DIRECTIONS FOR THIS TASK:
Output, word for word, the line that contains "Certificate of Substantial" and all lines following it to the end of the listing. Drop the pictures.

THE DATA:
<<<<
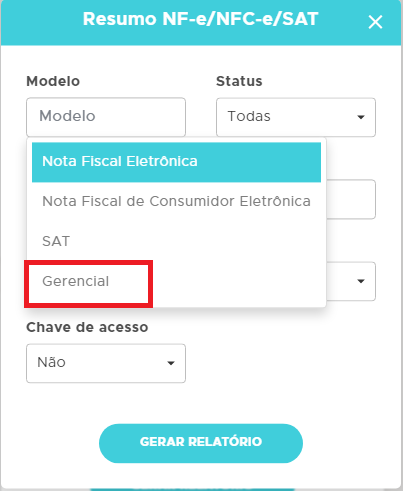 Relatorio resumo modelo gerencial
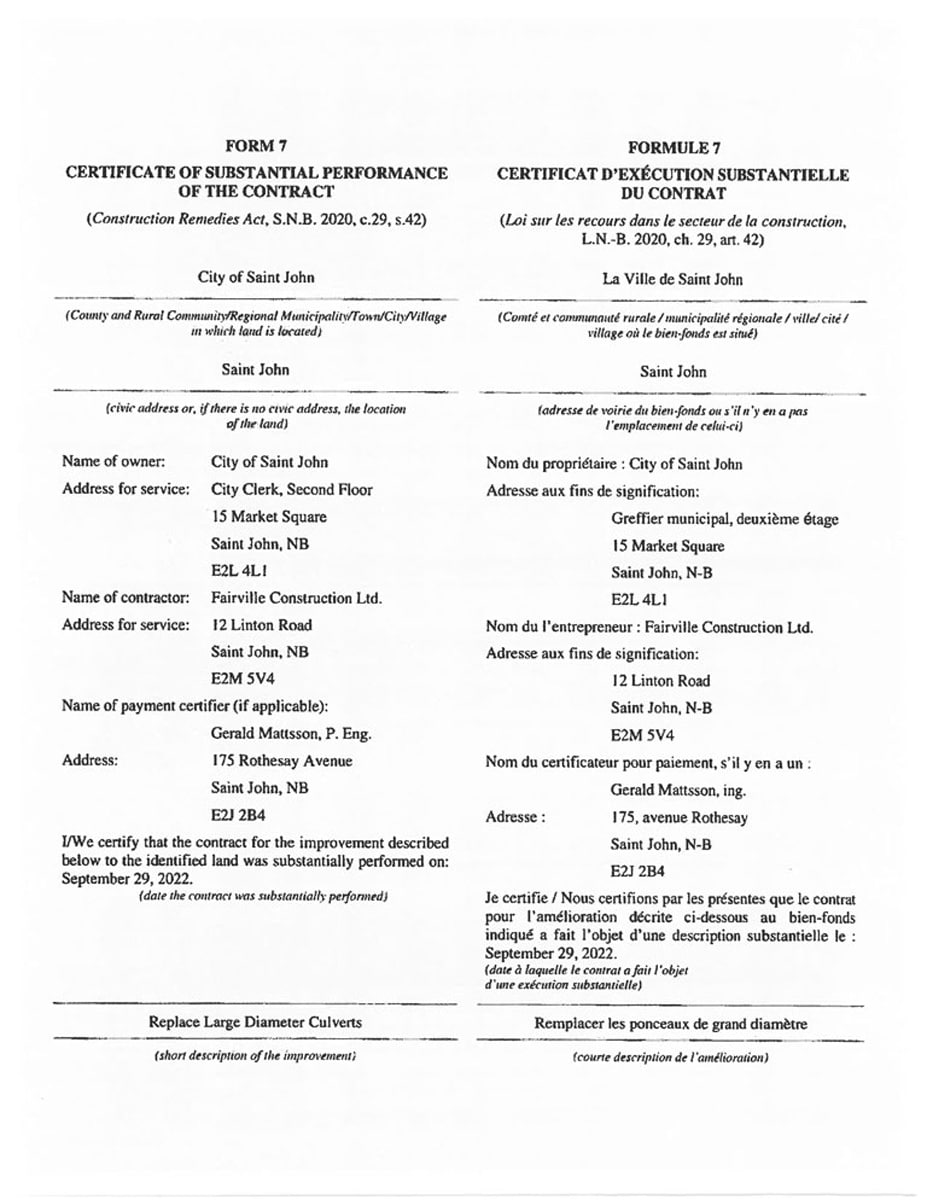 Certificate of Substantial Performance - City of Saint John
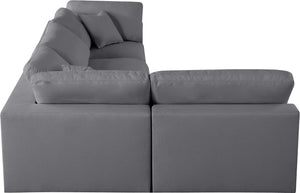 Serene Linen Textured Fabric / Down / Polyester / Engineered Wood Contemporary Grey Linen Textured Fabric Deluxe Cloud-Like Comfort Modular Sectional - 119" W x 79" D x 32" H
>>>>
OUTPUT OF THE TASK:
 Certificate of Substantial Performance - City of Saint John
 Serene Linen Textured Fabric / Down / Polyester / Engineered Wood Contemporary Grey Linen Textured Fabric Deluxe Cloud-Like Comfort Modular Sectional - 119" W x 79" D x 32" H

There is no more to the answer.